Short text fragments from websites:
┌──

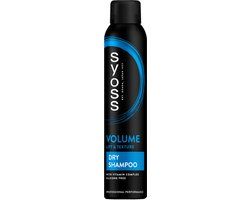 Syoss Volume Droogshampoo - 200 ml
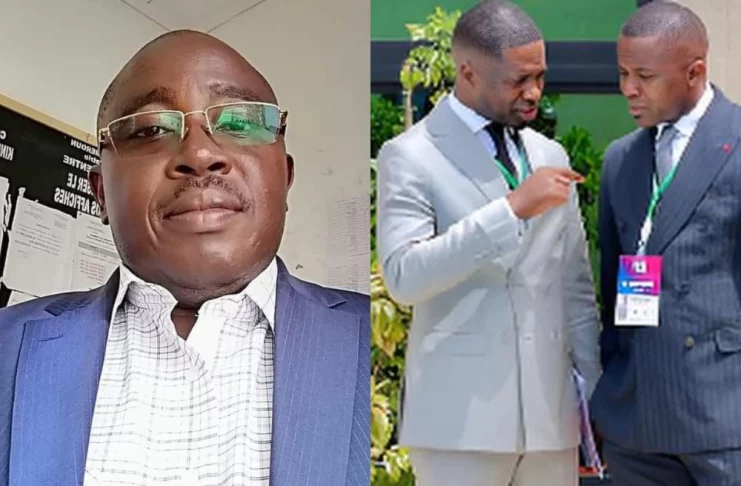 Christophe Bobiokono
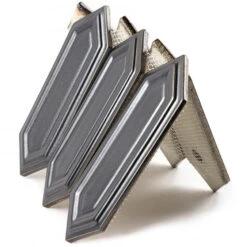 Divine Gunmetal Hexagon 9.5 In. X 15.5 In. Glazed Ceramic Mosaic Tile (1.02 Sq. Ft. / Sheet) -Discount Flooring Store 2ac0c870 ad1f 4c88 a5a8 b16cbd0eb3ff.bc1dabd30a3101665a289918367d2931 1800x1800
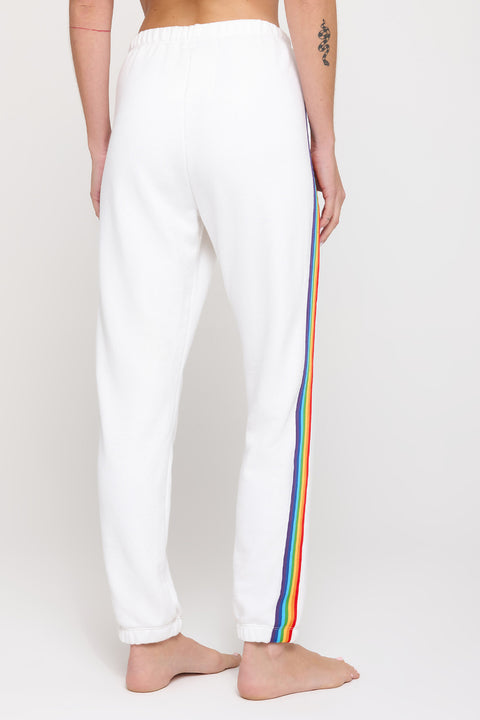 Rainbow Luna Sweatpant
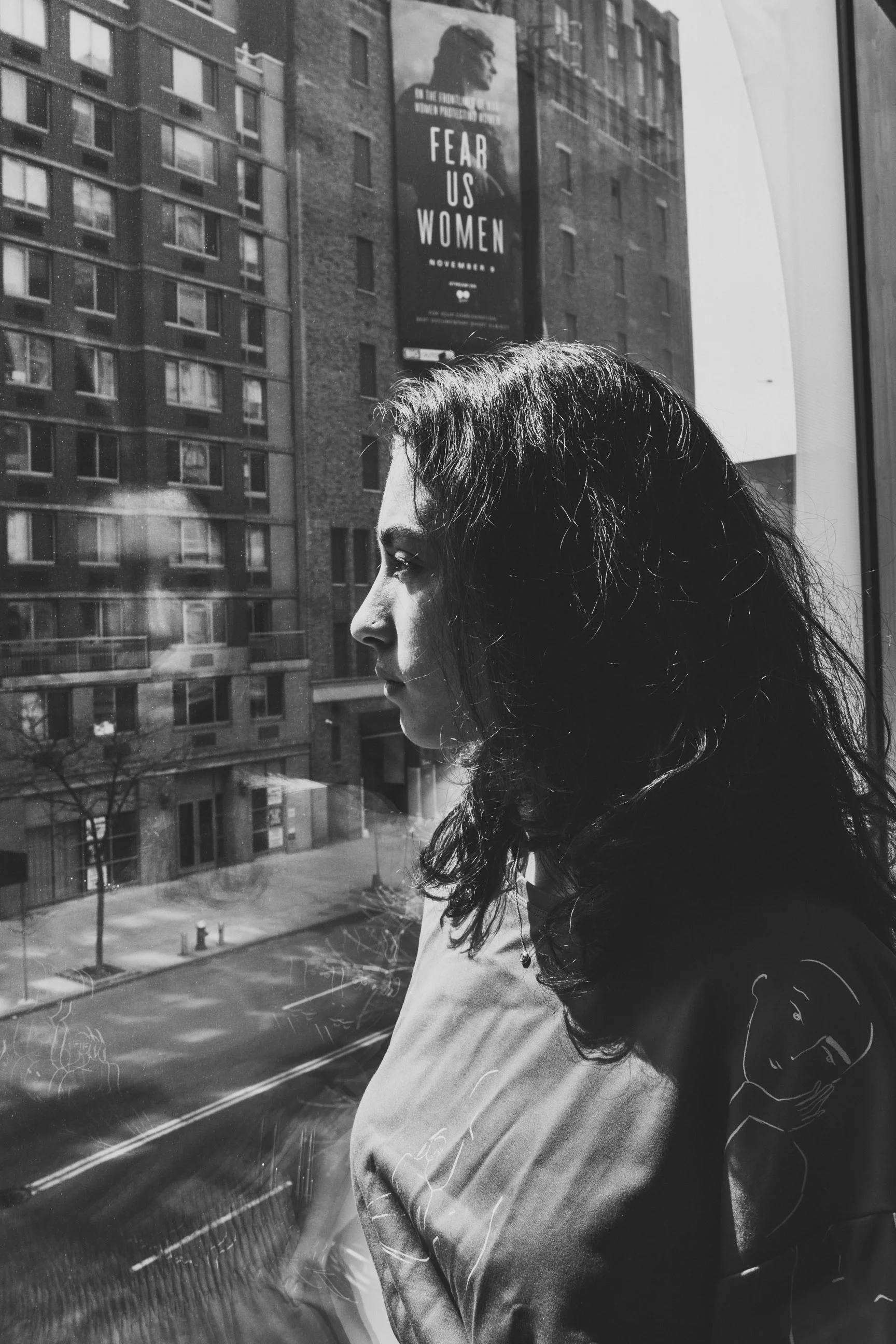 LikeNoOneElse — Emine Gözde Sevim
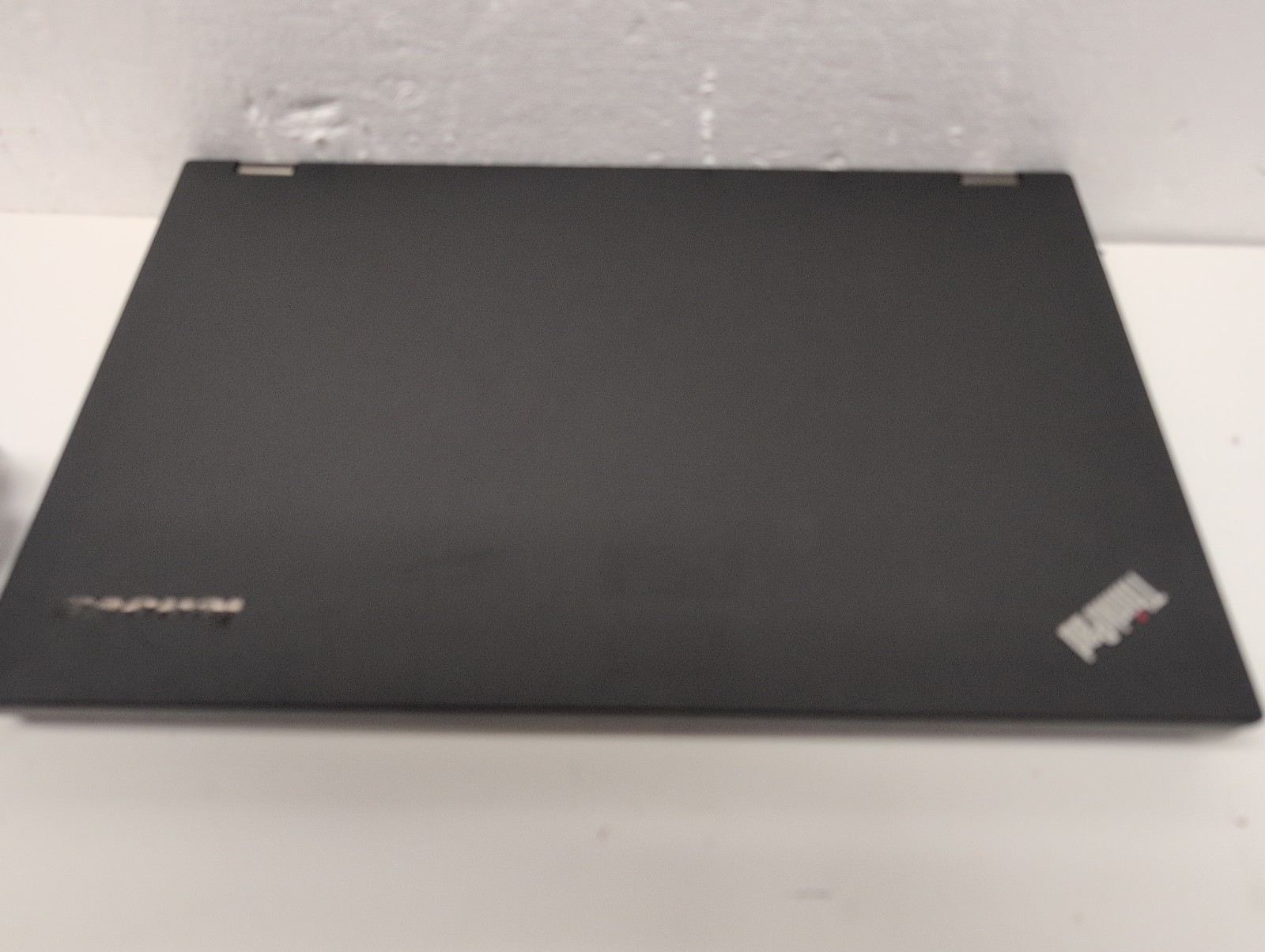 🎸 Lenovo ThinkPad T540P 15.6″ Laptop i7-4600M /8GB /128GB SSD/ Win10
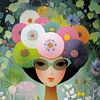 Dreamy van Ellen Novara-da Lima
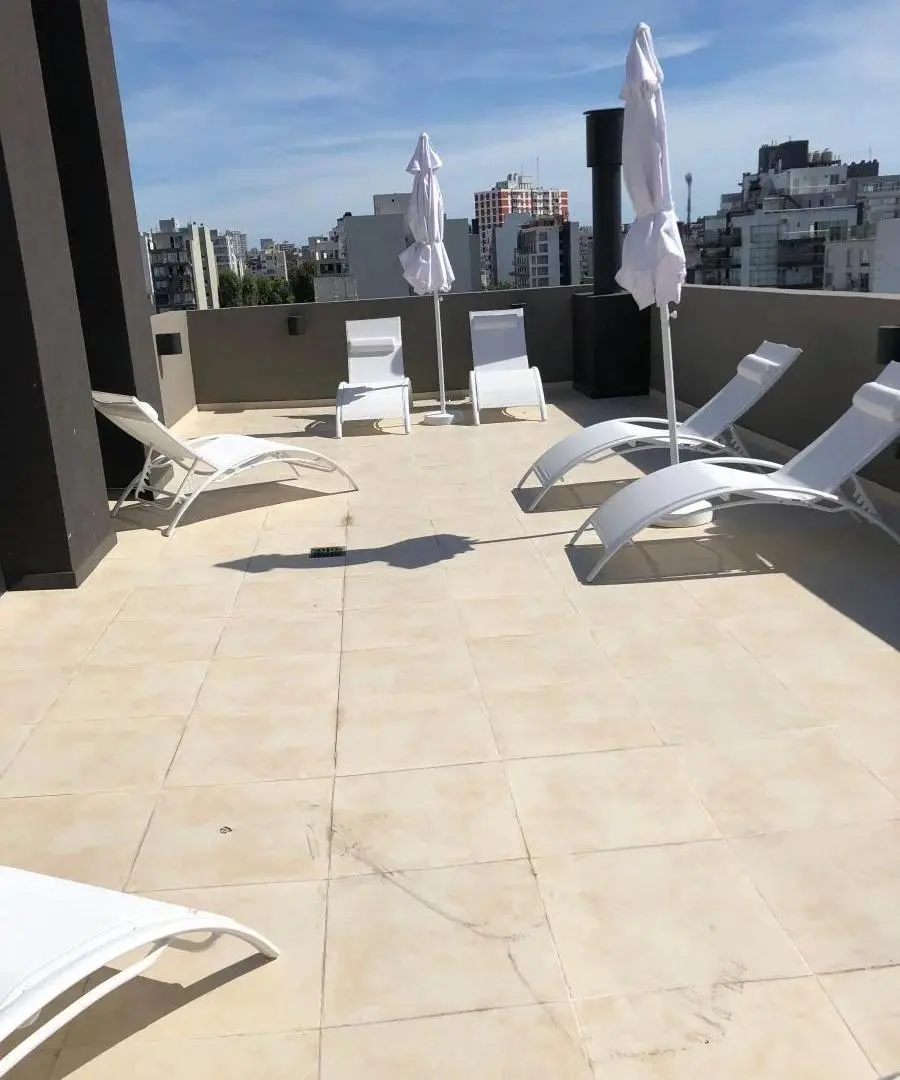 Humboldt 1300, entre Niceto Vega y Av.Cordoba, Palermo Hollywood.Amenities! Cochera! 4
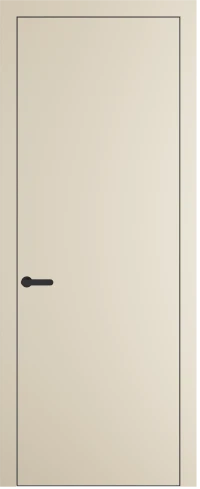 Межкомнатная дверь Profil Doors 1SE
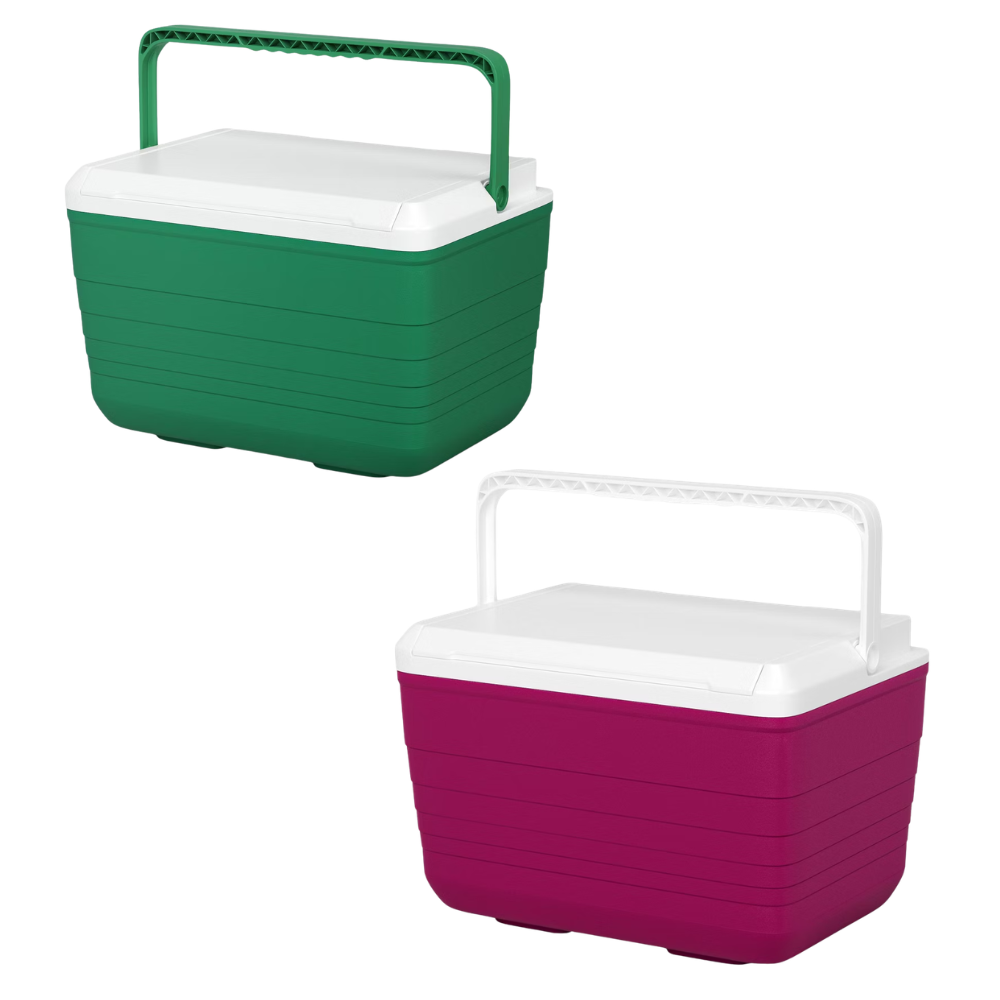 Sun Squad 14 Cans/10qt Hard Sided Cooler ONLY $10.00 at Target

└──

- Work order:
Restate, exactly as they appear, the line with "LikeNoOneElse — Emine Gözde Sevim" and all the lines after it up to the end of the data above; images do not belong in the copy.

- Result:
 LikeNoOneElse — Emine Gözde Sevim
 🎸 Lenovo ThinkPad T540P 15.6″ Laptop i7-4600M /8GB /128GB SSD/ Win10
 Dreamy van Ellen Novara-da Lima
 Humboldt 1300, entre Niceto Vega y Av.Cordoba, Palermo Hollywood.Amenities! Cochera! 4
 Межкомнатная дверь Profil Doors 1SE
 Sun Squad 14 Cans/10qt Hard Sided Cooler ONLY $10.00 at Target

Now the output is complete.